Slow Cooker Shredded Chicken Nachos

Prep:

Cook:

Level: Easy

Serves: 4

4

    Description

    Nachos topped with slow-cooked chicken with Mexican spices, black beans and cheese, this meal is great on a weeknight to get the family to the table!

    Ingredients

    • FOR THE SPICES:
    • 1 Tablespoon Chili Powder
    • 1 Tablespoon Paprika
    • 2 Tablespoons Cumin
    • 2 Tablespoons Salt
    • 1 Tablespoon Cayenne Pepper
    • FOR THE CHICKEN:
    • 1 whole Yellow Onion, Chopped
    • 3 cloves Garlic, Minced
    • 2 pounds Boneless Skinless Chicken Breast
    • 8 cups Water Or Chicken Stock
    • 3 whole Dried Guajillo Peppers
    • FOR THE NACHOS:
    • 4 whole Avocados, Peeled And Pitted
    • 2 Tablespoons Pico De Gallo
    • 1 can (15 Oz. Size) Black Beans, Drained
    • 1 bag (12 Oz. Size) Tortilla Chips
    • 8 ounces, weight Grated Cheese
    • 8 ounces, fluid Sour Cream
    • 8 ounces, weight Mango Salsa

    Preparation

    Combine the spices in a bowl.

    Add chopped onions, garlic, chicken, seasonings, stock/water and guajillo peppers in a crockpot. Put the lid on and cook for 4-6 hours on low.
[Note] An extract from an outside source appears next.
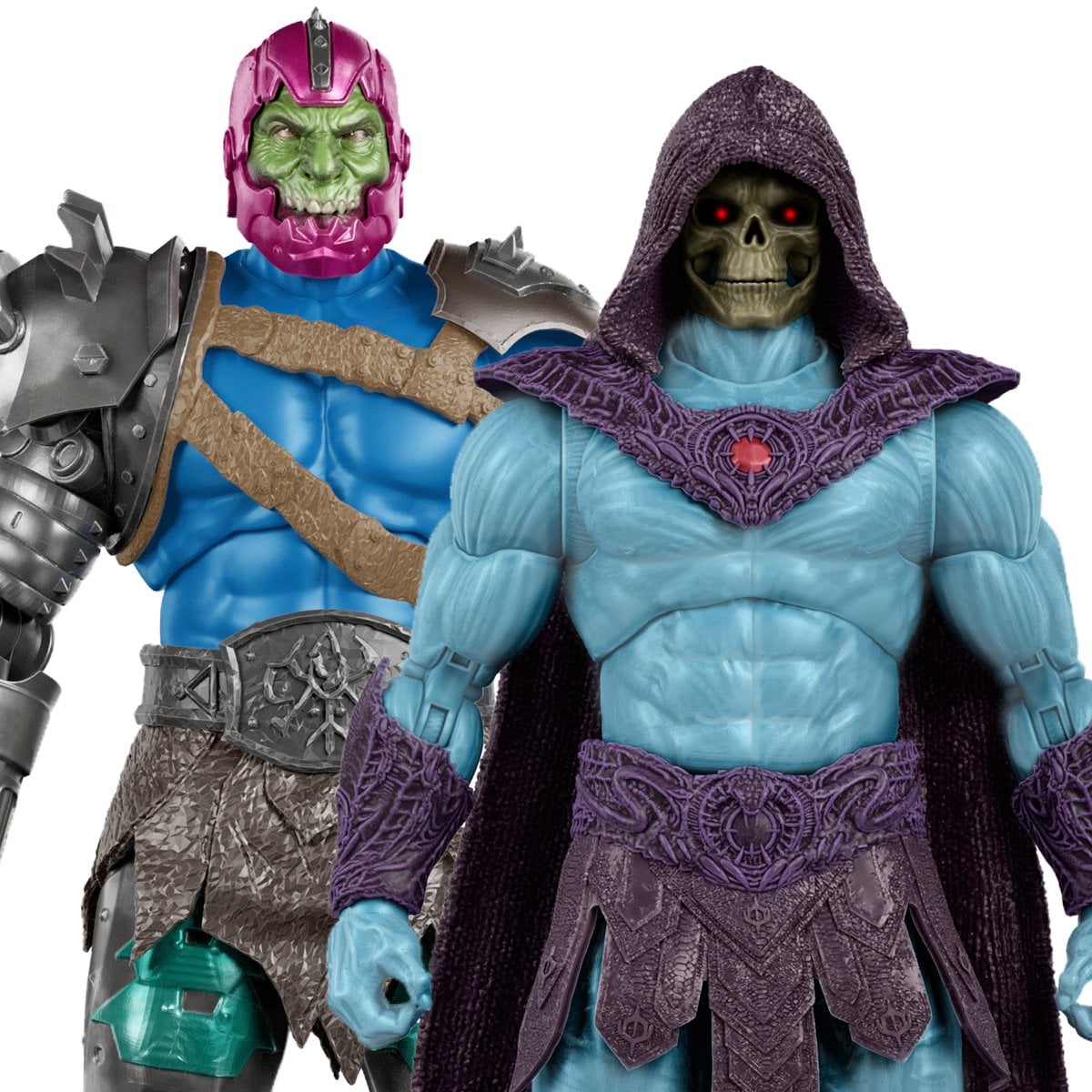 Masters of the Universe Chronicles 2026 Movie Wave 2 Action Figure Case of 4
    When the chicken is ready preheat the oven to 350 F. Mash up the avocado and mix in the pico de gallo to do a quick guacamole! Heat the canned black beans

    Take the chicken out of the crockpot and shred with a fork. It should fall apart with no resistance.

    On a cooking sheet, spread a layer of chips, then sprinkle with the black beans then the chicken. Cover it all with shredded cheese and place in the oven.

    Cook in the oven for about 15-20 minutes, then remove it from the oven. Serve with guacamole, sour cream and salsa. I used some mango salsa. Enjoy!